Solid-state drives have yet to truly challenge magnetic media when it comes to storage capacity and the price you pay for it. But 2009 saw a bumper crop of SSDs as Flash and storage specialists really tried to drive performance. Some even pushed low capacity but cheap drives in a bid not to replace the HDD but to work alongside …
Best upgrade I ever made
I bought the 128Gb variant of the Crucial drive and replaced the hard drive on my MacBook. It's made such a huge performance improvement; I'd highly recommended SSD drives to any laptop user. I've noticed a particular improvement in running VMs (especially XP) and IntelliJ (when it goes off to index stuff, for example).
The capacity could be seen as a bit limiting, but once I put all of my videos and other large documents on a NAS, I've not been complaining.
None of those drives support the sata 'trim' command.
I think I'll wait another couple of months.
The Crucial M225 drives do support trim with the latest firmware update (1819)
I remember the original SSD; magnetic core memory. It was made by hand, they threaded the bits one at a time. I also remember when all this was fields.
Now if you could only remember the last couple of days as clearly ... Being old enough to remember something is not an achievement in itself. Why do people here seem to think it is? (Yes, all you plonkers who harp on about Spectrums and C64s, this means you too. No-one cares.)

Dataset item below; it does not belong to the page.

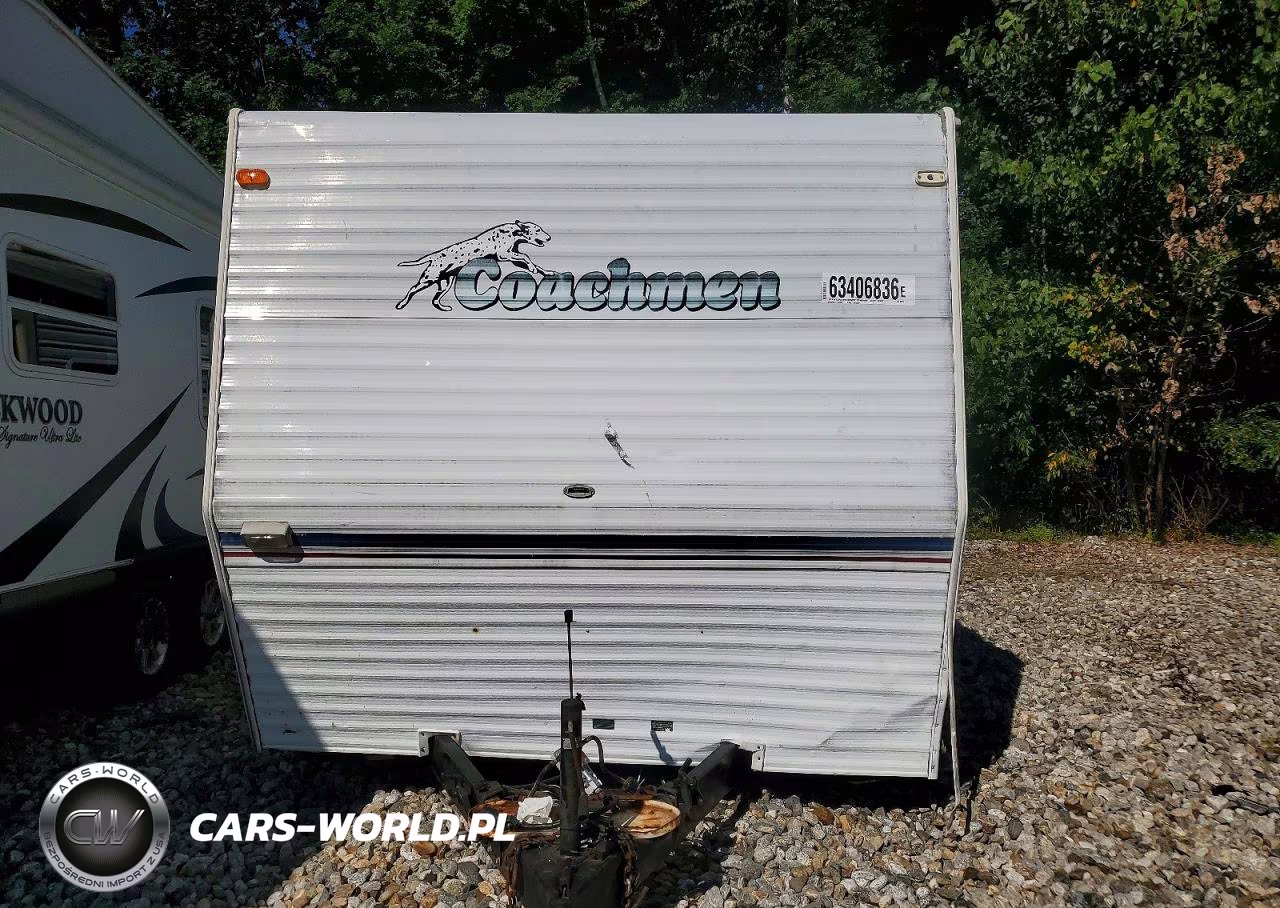 2002 Coachmen Cascade Camper VIN:1TC2B063X23030729 - 5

Waiting to join the SSD revolution
Have had two Crucial X32 SSD drives die in a whiff of smoke now. Both have been RMA'd. Can't help feeling that the SSD technology still has some way to go.
And what about SLC drives for us performance freaks?
Why haven't Ingram been able to get the intel X25-e for over a month now? They've just slipped the ETA back to 11/12/2009.
Are Intel using Farther Xmas for deliveries?